Related Resource: The EMS1 2008 Year in Review special coverage
Mumbai, previously known as Bombay, is the largest city in India. Once considered an underdeveloped country, India has made significant progress. One sign of this is the recently completed Golden Quadralateral, the only highway crisscrossing India and connecting all its major cities. But development comes at a cost, as evidenced by the increased number of motor vehicle crashes along the Quadralateral.
The good news: in response to this problem, Mumbai has plans for developing an EMS system in their area to initiate early care and rapid transport of trauma patients to area hospitals. Currently these victims are delivered via common carrier or by a Good Samaritan.
The bad news: unfortunately this planned trauma system was not in place during the recent large scale terrorist attack in Mumbai that left more than100 dead and even more injured. This disaster was perpetrated by inhumane individuals using small-arms fire and explosives.
Historically, most man-made disasters produce injury, generally from explosions and/or small-arms fire. Chemical, nuclear or biological forces have been infrequently involved. Natural disasters such as hurricanes, tornados, tsunamis, earthquakes, etc., also generate injuries, at least initially. For these situations a systematic approach to injury care should be universally available.

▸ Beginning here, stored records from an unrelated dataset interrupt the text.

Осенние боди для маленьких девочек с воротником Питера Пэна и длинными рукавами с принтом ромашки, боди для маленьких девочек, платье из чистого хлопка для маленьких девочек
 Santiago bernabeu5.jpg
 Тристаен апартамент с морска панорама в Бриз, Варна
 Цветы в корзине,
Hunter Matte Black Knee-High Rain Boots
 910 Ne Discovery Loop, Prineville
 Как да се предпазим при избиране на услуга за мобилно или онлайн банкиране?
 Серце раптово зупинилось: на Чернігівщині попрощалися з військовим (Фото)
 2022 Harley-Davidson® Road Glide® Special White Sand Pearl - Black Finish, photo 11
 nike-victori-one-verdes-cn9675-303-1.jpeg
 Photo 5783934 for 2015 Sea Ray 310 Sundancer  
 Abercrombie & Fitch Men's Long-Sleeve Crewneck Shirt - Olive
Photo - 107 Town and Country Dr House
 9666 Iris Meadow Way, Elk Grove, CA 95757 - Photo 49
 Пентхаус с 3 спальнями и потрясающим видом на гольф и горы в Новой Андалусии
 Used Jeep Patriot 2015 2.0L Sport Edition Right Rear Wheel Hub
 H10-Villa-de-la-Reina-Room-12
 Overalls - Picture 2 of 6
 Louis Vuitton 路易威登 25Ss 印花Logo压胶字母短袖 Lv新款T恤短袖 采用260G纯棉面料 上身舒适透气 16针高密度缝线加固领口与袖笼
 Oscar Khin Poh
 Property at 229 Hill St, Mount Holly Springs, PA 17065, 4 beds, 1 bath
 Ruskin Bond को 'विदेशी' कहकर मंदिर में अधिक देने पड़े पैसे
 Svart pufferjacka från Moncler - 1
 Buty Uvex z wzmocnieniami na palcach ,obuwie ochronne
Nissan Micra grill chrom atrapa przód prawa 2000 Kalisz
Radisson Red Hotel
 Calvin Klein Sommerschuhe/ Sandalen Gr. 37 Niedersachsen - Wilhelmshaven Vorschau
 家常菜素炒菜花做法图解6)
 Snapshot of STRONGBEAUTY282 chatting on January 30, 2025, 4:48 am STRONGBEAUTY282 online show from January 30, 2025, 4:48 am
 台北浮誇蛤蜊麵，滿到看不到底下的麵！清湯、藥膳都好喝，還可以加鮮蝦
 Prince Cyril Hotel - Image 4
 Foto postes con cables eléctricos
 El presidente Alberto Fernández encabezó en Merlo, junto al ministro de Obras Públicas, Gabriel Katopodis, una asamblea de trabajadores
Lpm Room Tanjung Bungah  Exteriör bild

By definition, a system is a group of interacting or interrelated or interdependent elements forming a complex whole. For trauma systems that are successful, this translates into a group of dedicated health-care providers and medical facilities who interact regularly, are clearly related in their commitment to treating trauma, and are dependent on the contributions from each provider and facility to achieve the optimum patient outcome. And we’re not just talking about the large trauma hospitals. The system must be inclusive; everybody plays, from the field first responder to the trauma surgeon and all the trauma-treating providers in between. And all facilities participate, from the isolated clinic to the Level I trauma center. This trauma system model has a proven track record for improving the care and survival of the severely injured patient.
The connection between trauma systems and disaster response capability is obvious and it should be considered a fundamental component for achieving disaster preparedness. Fortunately, the number of trauma systems has increased in the United States over the years despite a decrease in federal funding. Yet, as 2008 passes, there are still communities that go un-served by this organized response to injury. In a country that has to color code the terrorist threat level and spends billions on disaster preparedness, perhaps we should channel some of those resources to further propagate a structure of care that serves the injured patient day-in and day-out, thus keeping skills sharp and at the ready to provide service in the unfortunate, but certain event of future disaster.